I mean look at this monkey's face! Is he happy? No, he's not a happy monkey. Go ahead, look into his eyes for a few seconds. You know what that look is? Madness. Yep. He's gone insane because all anyone wants to do is wind him up and watch him dance around. Poor sap.
During my mission in Spain, I had a companion named Brad Kesler. Elder Kesler watched people wind me up over and over again....
"Do your President Monson impression, Johnson!"

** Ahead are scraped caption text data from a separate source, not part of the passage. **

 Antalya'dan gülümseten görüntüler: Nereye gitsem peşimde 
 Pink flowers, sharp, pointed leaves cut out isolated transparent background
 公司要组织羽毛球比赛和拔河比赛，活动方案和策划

"Sing like Michael Jackson!"
"Dance, monkey! Dance!"
Kesler used to step between me and the mob of missionaries starved for entertainment and yell, "Hey! If he wants to do it, he'll do it. He's not your monkey you can just snap your fingers at and have a show." Disappointment inevitably followed. They looked at me as if I had robbed them of something. Laughs and smiles they knew I could facilitate, and yet I was withholding them.

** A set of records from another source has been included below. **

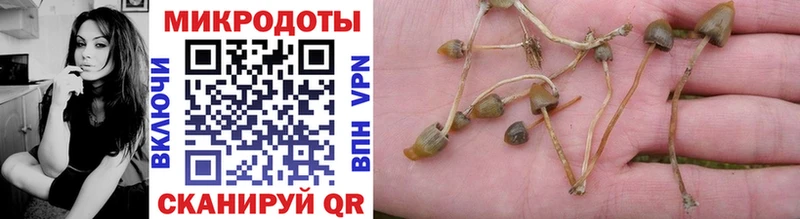 MEGA ссылки  Альметьевск  Псилоцибиновые грибы мицелий 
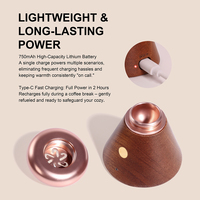 Diffuseur d'huiles essentielles en bois écologique sans eau, vente en gros, température constante 65°C, rechargeable par USB, diffuseur d'arômes portable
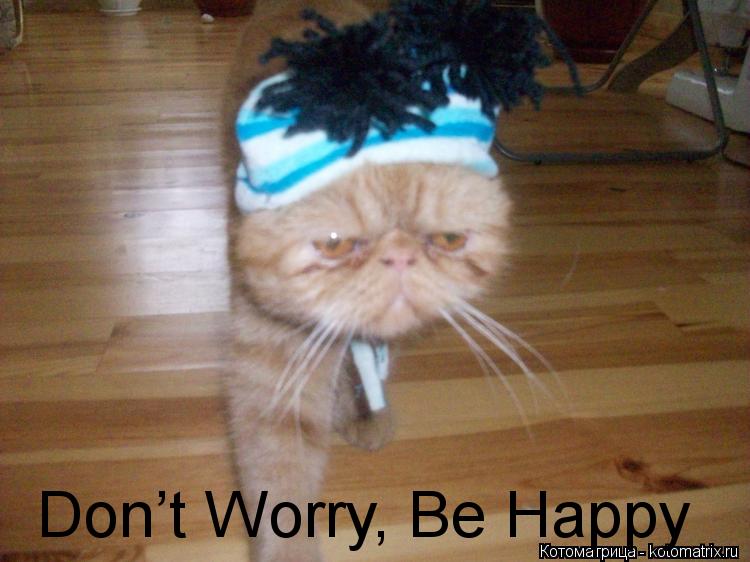 Don’t Worry, Be Happy... Котоматрица: Don’t Worry, Be Happy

But why did it bother me so much to be asked to perform when I so often perform by choice? Something about being requested to perform soured the whole experience for me. Then I found some old home videos. Not the kind you've watched over and over growing up and the family has all of the funny parts memorized. These tapes were from my grandma's old camera. Unseen footage of my childhood before my family owned a camera. I watched a young, innocent, and quite honesty very cute Shaun Johnson, playing with his toys and enjoying his life. And that's when the voices from behind the camera started winding Little Shaun up.

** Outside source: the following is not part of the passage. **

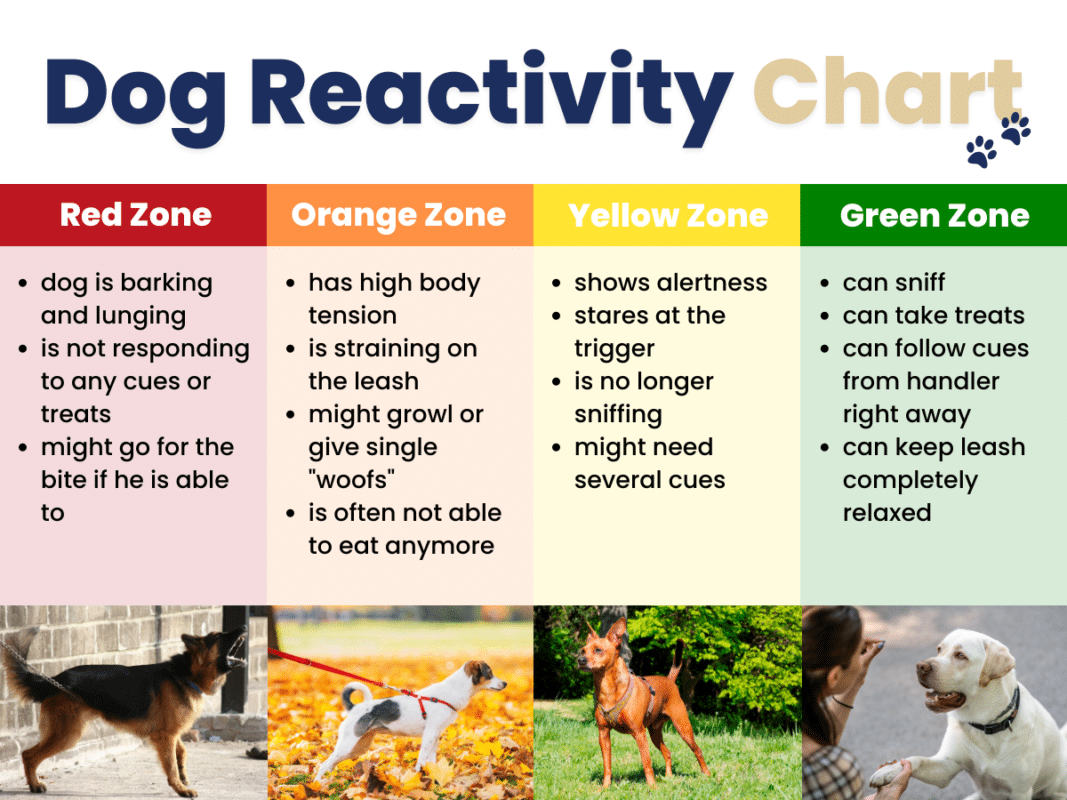 Training_For_Reactive_Dogs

"Hey Shaun, come over to the camera and sing that song you were singing earlier!"
"Shauny! Say that funny thing you said earlier so grandma and grandpa can hear it!"
Dance....you innocent, defenseless little monkey...............dance.......
Little Shaun looked up from his play time. He looked past the camera toward the demanding voices. Sad frustration covered his face as he reluctantly obeyed. Sighing heavily in defeat, he stood up from his toys, walked over to the camera, and began to perform.
Suddenly, this deep resistance I had to performing all became clear. I turned to my parents and said, "This is it! This is why I have a thing about people demanding that I perform!" I was satisfied to have solved the mystery of this behavior developed from such a young age.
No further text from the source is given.